Work to be completed: Exactly those lines running from the one containing "BeOrganik Pure Olive" to the end of the material are to be printed, and no others.

Task material:

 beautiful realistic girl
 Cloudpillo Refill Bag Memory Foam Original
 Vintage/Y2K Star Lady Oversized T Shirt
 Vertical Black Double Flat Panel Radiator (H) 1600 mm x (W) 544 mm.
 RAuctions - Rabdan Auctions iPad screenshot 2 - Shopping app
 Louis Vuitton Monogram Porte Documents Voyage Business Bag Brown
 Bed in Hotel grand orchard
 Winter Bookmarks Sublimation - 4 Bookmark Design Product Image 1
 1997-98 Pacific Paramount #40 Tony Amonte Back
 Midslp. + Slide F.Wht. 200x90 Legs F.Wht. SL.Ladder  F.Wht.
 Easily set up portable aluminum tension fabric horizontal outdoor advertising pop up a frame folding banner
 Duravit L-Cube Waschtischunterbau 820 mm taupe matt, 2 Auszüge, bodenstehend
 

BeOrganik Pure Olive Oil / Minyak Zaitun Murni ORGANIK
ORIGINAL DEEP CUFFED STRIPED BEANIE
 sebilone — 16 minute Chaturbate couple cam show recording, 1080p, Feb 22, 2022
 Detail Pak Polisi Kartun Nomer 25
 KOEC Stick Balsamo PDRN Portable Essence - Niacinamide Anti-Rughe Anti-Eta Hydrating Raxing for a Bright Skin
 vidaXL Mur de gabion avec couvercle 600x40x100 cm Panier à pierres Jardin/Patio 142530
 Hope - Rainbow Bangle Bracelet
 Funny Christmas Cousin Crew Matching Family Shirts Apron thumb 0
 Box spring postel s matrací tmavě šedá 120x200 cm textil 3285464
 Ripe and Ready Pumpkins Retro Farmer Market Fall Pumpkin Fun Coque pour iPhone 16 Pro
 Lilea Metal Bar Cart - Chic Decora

Exercise result:
BeOrganik Pure Olive Oil / Minyak Zaitun Murni ORGANIK
ORIGINAL DEEP CUFFED STRIPED BEANIE
 sebilone — 16 minute Chaturbate couple cam show recording, 1080p, Feb 22, 2022
 Detail Pak Polisi Kartun Nomer 25
 KOEC Stick Balsamo PDRN Portable Essence - Niacinamide Anti-Rughe Anti-Eta Hydrating Raxing for a Bright Skin
 vidaXL Mur de gabion avec couvercle 600x40x100 cm Panier à pierres Jardin/Patio 142530
 Hope - Rainbow Bangle Bracelet
 Funny Christmas Cousin Crew Matching Family Shirts Apron thumb 0
 Box spring postel s matrací tmavě šedá 120x200 cm textil 3285464
 Ripe and Ready Pumpkins Retro Farmer Market Fall Pumpkin Fun Coque pour iPhone 16 Pro
 Lilea Metal Bar Cart - Chic Decora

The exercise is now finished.